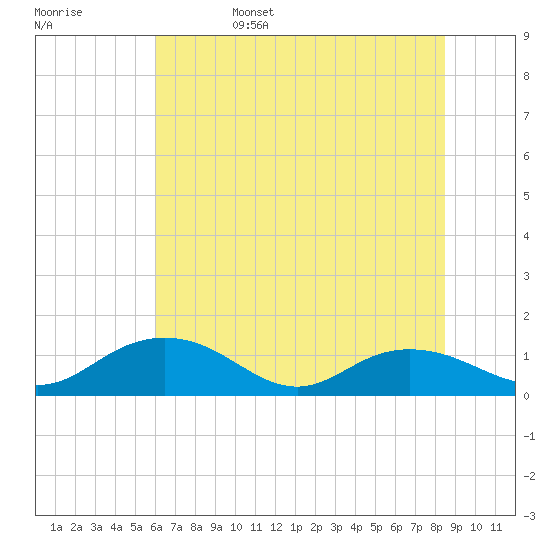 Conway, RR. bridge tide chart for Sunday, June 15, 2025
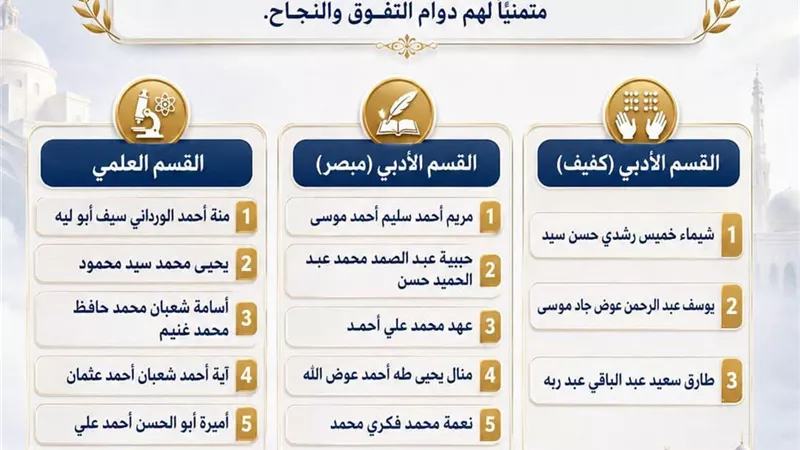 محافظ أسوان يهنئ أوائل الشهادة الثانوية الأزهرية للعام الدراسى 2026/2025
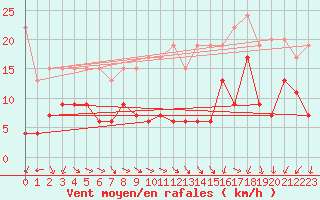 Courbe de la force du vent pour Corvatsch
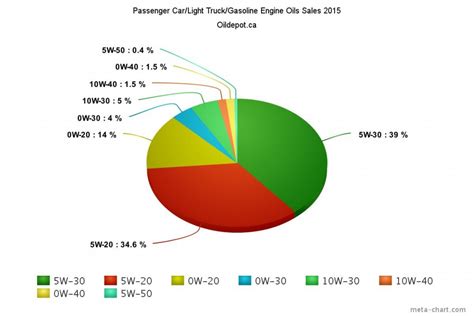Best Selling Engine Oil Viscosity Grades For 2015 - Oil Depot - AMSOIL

■ ■ ■ ■

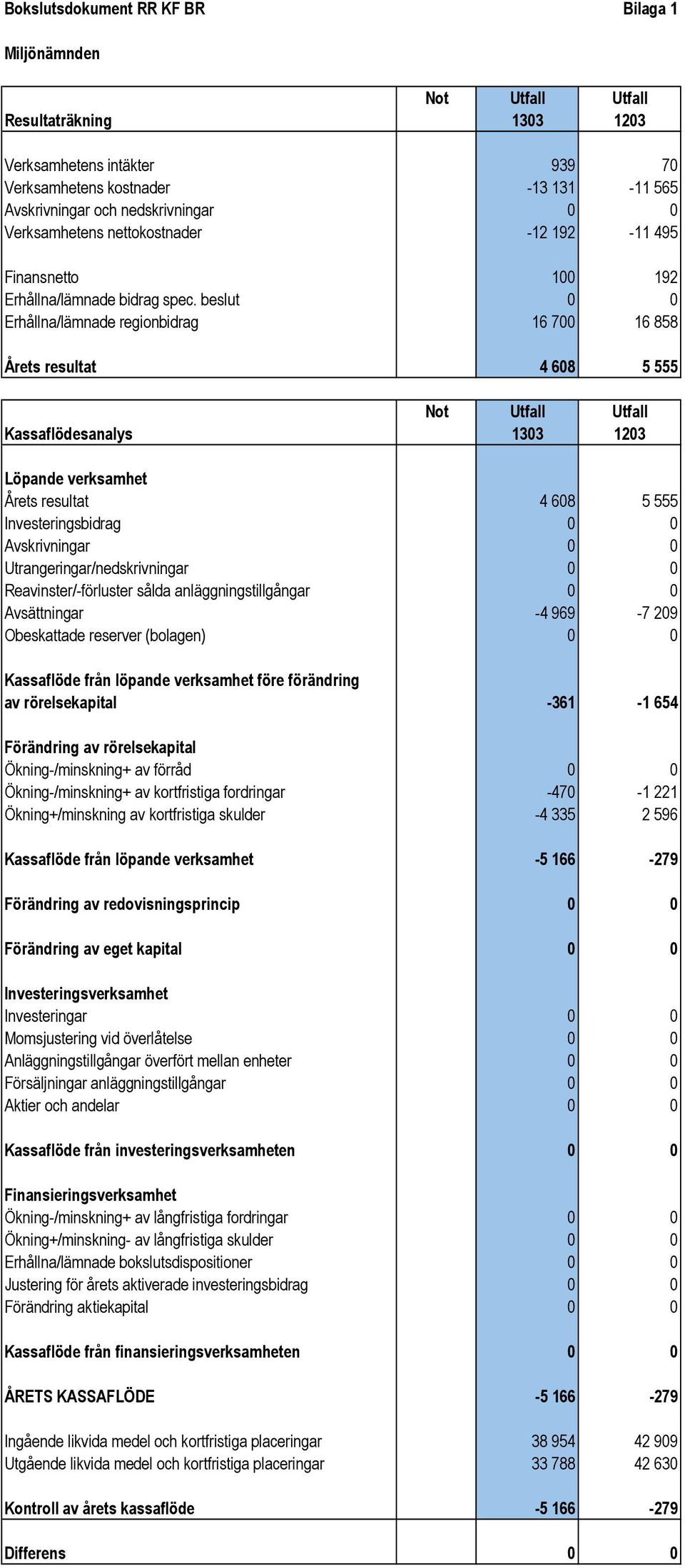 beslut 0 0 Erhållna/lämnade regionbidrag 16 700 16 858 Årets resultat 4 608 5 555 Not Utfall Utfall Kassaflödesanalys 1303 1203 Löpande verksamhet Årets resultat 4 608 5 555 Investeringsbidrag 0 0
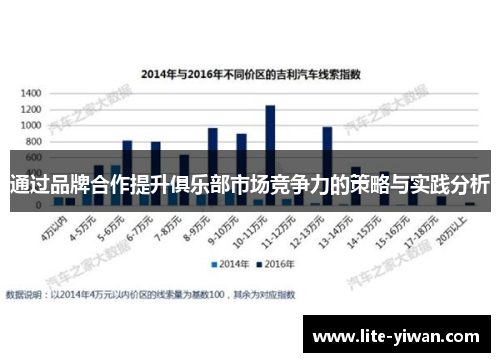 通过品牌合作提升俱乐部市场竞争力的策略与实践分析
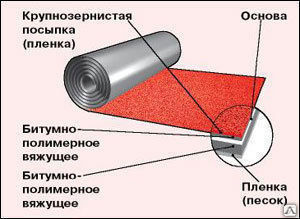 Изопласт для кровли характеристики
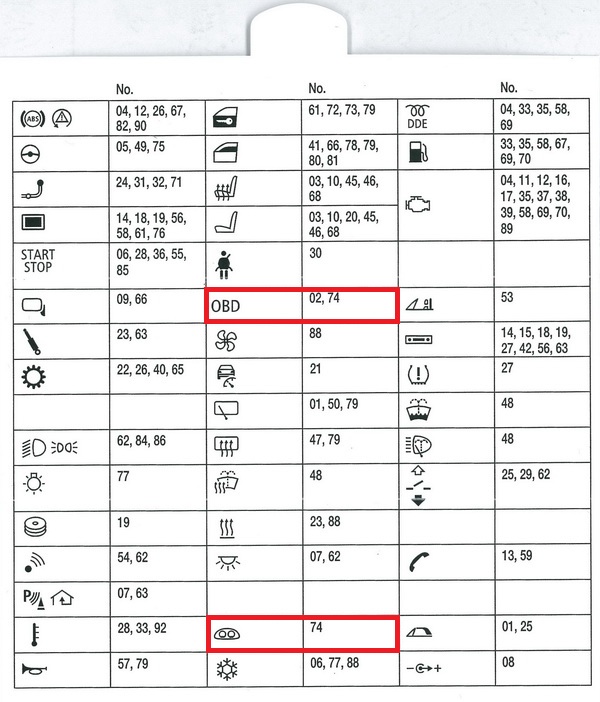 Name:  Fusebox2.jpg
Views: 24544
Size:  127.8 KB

■ ■ ■ ■

Beginning with the line above that contains "Courbe de la force du vent pour Corvatsch" and ending with the line that contains "Best Selling Engine", quote each line exactly, keeping out the pictures.

**ANSWER BELOW**:
 Courbe de la force du vent pour Corvatsch
Best Selling Engine Oil Viscosity Grades For 2015 - Oil Depot - AMSOIL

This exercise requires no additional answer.